22. Jadian sama Kayla?

1.3K 149 4
                                    

Saat pulang dari rumah Senja, kini Naresh hanya berdiam diri di balkon kamar sambil menikmati semilir angin yang berhembus. Terkadang ia menghela napasnya dengan sedikit lelah. Banyak sekali pikiran pikiran yang memenuhi kepalanya saat ini. Ia hanya takut mengecewakan Senja tanpa sengaja. Ia juga takut dengan kejadian yang akan datang dimasa nanti.

"Abang," Panggil Belinda.

Naresh menolehkan kepalanya. "Ada apa Bun?" Tanyanya dengan tersenyum.

"Lagi mikirin apa sih sampai ngelamun gitu?" Tanya Belinda sambil mengelus rambut Naresh dengan sayang.

"Mikirin perempuan ya bang?" Lanjut Bunda Naresh sambil terkekeh.

Naresh terkekeh mendengar pertanyaan yang dilontarkan Bundanya ini.

"Naresh lagi suka sama seseorang," ucap Naresh sambil tersenyum menatap Bundanya.

"Masih tetap dia kan? Bunda gak rela kalau kamu suka sama yang lain," ucap Belinda sambil menggoyangkan jari telunjuknya ke kanan dan ke kiri.
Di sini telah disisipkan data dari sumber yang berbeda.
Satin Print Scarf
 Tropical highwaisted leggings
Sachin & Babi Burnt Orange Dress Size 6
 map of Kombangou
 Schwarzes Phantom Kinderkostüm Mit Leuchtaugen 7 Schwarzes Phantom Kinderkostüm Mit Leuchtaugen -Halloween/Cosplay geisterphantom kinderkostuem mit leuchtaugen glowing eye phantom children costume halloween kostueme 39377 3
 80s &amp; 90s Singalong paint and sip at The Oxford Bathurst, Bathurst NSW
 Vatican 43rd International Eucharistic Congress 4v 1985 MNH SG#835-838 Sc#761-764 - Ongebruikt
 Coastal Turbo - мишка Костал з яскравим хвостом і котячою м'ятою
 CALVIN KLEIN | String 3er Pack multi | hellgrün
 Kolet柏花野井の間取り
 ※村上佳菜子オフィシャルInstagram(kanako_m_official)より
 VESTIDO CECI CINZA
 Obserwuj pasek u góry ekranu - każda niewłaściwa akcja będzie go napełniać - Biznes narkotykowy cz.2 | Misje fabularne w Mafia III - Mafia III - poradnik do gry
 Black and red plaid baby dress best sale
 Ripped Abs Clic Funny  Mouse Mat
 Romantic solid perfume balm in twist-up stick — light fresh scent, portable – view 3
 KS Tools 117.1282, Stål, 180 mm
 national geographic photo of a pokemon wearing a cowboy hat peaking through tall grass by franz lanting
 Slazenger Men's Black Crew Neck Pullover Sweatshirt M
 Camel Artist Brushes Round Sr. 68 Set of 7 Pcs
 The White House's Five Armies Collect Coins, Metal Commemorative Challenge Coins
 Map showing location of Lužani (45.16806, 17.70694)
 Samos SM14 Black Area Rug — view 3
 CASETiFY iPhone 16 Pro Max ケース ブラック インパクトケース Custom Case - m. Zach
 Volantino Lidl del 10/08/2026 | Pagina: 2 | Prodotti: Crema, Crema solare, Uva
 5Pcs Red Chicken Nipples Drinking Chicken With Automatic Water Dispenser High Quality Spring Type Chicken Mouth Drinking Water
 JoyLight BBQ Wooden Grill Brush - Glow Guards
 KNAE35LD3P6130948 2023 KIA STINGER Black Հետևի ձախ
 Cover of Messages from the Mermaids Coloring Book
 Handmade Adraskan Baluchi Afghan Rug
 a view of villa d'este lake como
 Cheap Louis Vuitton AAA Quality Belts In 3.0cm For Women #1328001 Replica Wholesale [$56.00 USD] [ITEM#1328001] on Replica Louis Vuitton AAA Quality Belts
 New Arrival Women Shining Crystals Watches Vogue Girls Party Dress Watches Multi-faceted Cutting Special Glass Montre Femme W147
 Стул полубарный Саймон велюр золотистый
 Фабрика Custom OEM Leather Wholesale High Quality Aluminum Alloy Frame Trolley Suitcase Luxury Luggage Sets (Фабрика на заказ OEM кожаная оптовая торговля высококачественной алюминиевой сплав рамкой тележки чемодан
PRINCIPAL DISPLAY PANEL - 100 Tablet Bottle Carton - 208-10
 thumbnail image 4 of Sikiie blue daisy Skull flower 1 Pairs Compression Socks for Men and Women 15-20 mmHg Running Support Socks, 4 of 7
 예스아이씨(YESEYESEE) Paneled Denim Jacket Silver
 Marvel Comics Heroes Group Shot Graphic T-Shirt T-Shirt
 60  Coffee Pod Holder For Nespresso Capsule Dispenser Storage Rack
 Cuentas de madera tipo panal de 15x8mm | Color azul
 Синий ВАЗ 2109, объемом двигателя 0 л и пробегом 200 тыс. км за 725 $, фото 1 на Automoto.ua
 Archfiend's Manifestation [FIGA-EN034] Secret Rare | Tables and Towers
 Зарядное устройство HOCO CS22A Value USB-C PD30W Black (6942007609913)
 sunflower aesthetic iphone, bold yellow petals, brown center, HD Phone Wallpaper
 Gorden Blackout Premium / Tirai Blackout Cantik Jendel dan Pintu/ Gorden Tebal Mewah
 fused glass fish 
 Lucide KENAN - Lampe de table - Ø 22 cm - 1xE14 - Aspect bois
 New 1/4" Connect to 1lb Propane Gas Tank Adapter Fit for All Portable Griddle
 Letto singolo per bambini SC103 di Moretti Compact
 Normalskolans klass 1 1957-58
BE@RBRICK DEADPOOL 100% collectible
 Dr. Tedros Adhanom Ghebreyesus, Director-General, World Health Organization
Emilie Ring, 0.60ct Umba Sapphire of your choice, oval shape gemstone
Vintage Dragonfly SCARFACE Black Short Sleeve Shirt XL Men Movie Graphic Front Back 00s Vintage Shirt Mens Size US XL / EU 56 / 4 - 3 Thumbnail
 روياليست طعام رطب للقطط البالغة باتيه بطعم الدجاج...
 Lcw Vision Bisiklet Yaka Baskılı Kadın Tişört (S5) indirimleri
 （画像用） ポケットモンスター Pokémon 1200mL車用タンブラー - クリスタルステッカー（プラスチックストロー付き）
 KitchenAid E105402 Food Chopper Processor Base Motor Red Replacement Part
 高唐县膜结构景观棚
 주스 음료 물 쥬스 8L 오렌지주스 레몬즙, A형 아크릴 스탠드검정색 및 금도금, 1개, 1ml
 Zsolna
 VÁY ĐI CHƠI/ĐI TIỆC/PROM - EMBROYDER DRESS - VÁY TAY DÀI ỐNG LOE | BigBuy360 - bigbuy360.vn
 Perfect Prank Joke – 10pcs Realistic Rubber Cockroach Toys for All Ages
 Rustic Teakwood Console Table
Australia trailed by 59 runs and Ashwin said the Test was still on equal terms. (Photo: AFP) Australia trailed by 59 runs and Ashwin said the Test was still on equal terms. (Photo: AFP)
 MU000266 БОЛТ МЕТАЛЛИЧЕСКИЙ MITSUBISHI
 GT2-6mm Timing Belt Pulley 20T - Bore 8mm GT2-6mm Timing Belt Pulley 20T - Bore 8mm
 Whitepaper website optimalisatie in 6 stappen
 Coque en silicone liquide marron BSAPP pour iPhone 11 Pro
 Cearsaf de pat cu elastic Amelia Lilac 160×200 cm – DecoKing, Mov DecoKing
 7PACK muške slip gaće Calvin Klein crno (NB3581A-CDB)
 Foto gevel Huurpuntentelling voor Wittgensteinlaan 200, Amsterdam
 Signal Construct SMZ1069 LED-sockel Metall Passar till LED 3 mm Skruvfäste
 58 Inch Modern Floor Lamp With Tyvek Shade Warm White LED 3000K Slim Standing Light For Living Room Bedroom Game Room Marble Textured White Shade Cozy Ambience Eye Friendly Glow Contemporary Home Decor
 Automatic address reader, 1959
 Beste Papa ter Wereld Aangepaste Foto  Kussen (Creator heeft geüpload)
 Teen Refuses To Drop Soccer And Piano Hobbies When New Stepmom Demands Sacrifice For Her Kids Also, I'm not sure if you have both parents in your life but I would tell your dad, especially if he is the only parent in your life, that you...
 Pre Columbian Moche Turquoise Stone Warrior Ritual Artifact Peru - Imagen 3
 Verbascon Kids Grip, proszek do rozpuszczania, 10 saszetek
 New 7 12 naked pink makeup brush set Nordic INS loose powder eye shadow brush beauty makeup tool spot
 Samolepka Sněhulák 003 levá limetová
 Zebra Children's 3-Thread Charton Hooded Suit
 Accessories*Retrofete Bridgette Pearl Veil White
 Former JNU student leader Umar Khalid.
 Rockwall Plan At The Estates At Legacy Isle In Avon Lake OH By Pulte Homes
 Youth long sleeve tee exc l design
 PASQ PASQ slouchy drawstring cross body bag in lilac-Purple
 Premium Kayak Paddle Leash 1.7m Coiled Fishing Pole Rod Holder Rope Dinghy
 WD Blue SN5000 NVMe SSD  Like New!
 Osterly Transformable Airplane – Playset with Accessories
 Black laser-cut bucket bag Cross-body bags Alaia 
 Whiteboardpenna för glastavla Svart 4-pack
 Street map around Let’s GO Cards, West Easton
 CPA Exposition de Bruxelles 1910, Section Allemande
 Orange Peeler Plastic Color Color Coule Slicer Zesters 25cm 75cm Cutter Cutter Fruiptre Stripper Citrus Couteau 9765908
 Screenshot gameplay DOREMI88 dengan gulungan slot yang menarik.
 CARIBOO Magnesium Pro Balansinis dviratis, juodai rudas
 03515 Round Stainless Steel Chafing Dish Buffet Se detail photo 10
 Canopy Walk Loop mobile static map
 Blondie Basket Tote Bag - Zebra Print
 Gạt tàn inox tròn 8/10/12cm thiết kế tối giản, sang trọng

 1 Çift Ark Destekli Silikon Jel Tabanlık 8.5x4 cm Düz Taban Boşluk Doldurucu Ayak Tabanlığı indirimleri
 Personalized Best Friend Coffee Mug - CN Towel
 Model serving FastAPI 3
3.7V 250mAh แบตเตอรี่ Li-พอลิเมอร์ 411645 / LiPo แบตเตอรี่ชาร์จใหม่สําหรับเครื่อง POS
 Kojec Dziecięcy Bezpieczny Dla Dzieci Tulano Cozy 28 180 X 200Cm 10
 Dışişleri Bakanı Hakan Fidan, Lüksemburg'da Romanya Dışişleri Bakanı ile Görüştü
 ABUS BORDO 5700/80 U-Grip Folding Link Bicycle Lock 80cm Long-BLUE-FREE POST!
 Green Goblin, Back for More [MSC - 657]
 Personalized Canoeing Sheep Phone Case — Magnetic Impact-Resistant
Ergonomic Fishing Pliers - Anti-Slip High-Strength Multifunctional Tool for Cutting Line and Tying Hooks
"Masih Bunda ku yang paling cantik sedunia," ucap Naresh sambil merebahkan tubuhnya dipangkuan Bundanya.

"Dia udah tau siapa kamu?" Tanya Belinda sambil mengusap-usap rambut Naresh.

Naresh menggeleng. "Belum Bunda."

"Kapan kamu mau kasih tau?" Tanya Belinda masih tetap mengusap rambut Naresh.

Naresh mendongak menatap wajah bundanya. "Naresh belum siap," ucapnya sambil menggelengkan kepala.

"Semakin lama kamu tutupi diri kamu, semakin besar juga rasa takut itu nak," ucap Belinda sambil tersenyum menatap Naresh.

"Regan juga suka sama Senja," ucap Naresh sambil mengingat ingat kejadian tadi dirumah Senja.

"Kamu mau ngalah?" Ucap Belinda sambil menaikkan satu alisnya.

Naresh tertawa mendengar ucapan Bundanya. Mana mungkin ia mengalah begitu saja?

"Rumah Naresh itu Senja, begitupun sebaliknya. Ga mungkin kan Bun kalau Naresh bagi dua rumahnya sama Regan? kecuali kalo Senja sendiri yang milih Regan buat jadi pasangannya," ucap Naresh sambil tersenyum manis.

"Kamu mirip banget sama Ayah waktu mau dapetin hati Bunda. Ya kaya gini nih, harus bersaing," ujar Belinda sambil tertawa mengingat masa-masa asmaranya dulu.

"Ayah kan panutan Naresh, jadi harus dicontoh. Kalo Bunda itu hidup Naresh, kalo gak ada Bunda, Naresh gak akan tau warna-warna dunia," ucap Naresh sambil memeluk Bundanya.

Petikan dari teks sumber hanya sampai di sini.